The implementation of `MonoStorageNode` is smaller and simpler, and is
the easier of the two to understand.
The implementation of `RocksStorageNode` provides full support for deep
stacks (DAG's) of AtomSpaces, layered one on top another (called
"Frames", a name meant to suggest "Kripke Frames" and "stackframes").
An individual "frame" can be thought of as a change-set, a collection of
deltas to the next frame further down in the DAG. A frame inheriting
from multiple AtomSpaces contains the set-union of Atoms in the
contributing AtomSpaces. Atoms and Values can added, changed and removed
in each changeset, without affecting Atoms and Values in deeper frames.
Design
------
This is a minimalistic implementation. There has been no performance
tuning. There's only just enough code to make everything work; that's
it. This does nothing at all fancy/sophisticated with RocksDB, and it
might be possible to improve performance and squeeze out some air.

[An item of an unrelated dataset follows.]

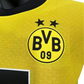 23/24 Borussia Dortmund - BVB Home kit - Player version - Goat Gears Store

However, the code is not sloppy, so it might be hard to make it go
faster.
If you are creating a new StorageNode to some other kind of database,
using the code here as a starting point would make an excellent design
choice. All the hard problems have been solved, and yet the overall
design remains fairly simple. All you'd need to do is to replace all
of the references to RocksDB to your favorite, desired DB.